Why Treasuries were strong while investment-grade bonds were muted (Part 7 of 9)

(Continued from Part 6)

Investment-grade bonds

Last week, investment-grade bond issuance declined, as Treasury yields across mid-term maturities increased with a rise in expected economic growth (except for short-term, ten-year, and 30-year bonds, which declined). The U.S. ten-year Treasury (TLH) yield was down 2 basis points, at 2.72%. About nine deals were printed, worth $15.5 billion—$900 million less than the previous week’s issuance of $16.4 billion. The average ticket size of the issuance increased to $1.72 billion—37% higher than the previous week’s average ticket size of $1.26 billion.
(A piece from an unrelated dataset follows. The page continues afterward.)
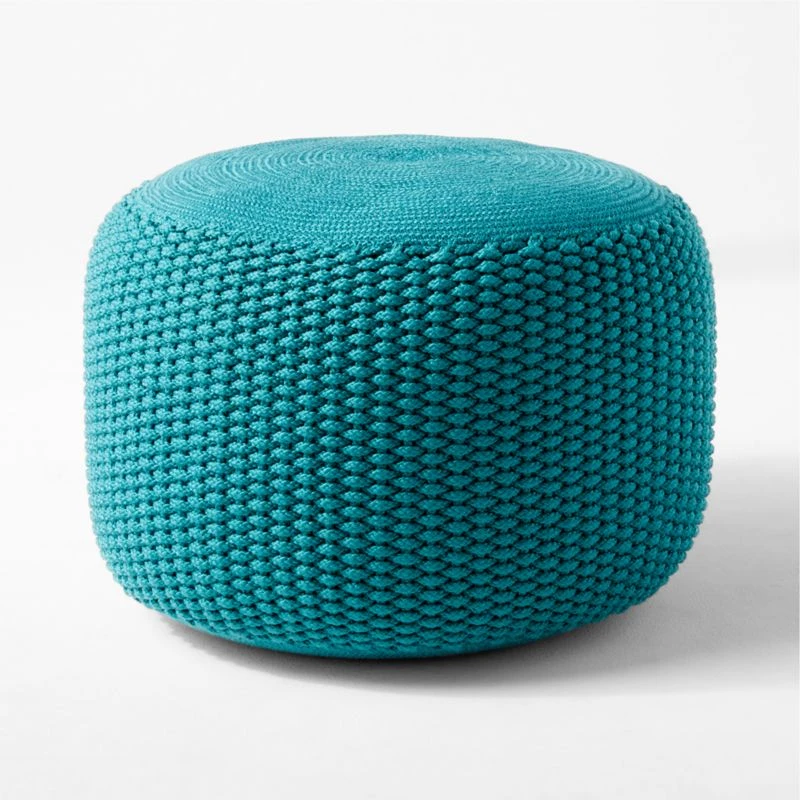 Criss Knit Emerald Pouf 2 Criss Knit Emerald Pouf - Image 2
The previous week, the number of issuers who tapped the investment-grade bond market was 13.

Investment-grade corporate bonds (LQD) pay either fixed-term or floating interest rates (or FRN) that refer to a benchmark such as LIBOR. Floating-rate debt security coupon payments adjust with changes in prevailing market interest rates, unlike fixed-interest-rate bonds such as Treasury bonds (TLT) and high yield bonds (JNK), whose coupon is fixed at the time of issuance and doesn’t change until maturity.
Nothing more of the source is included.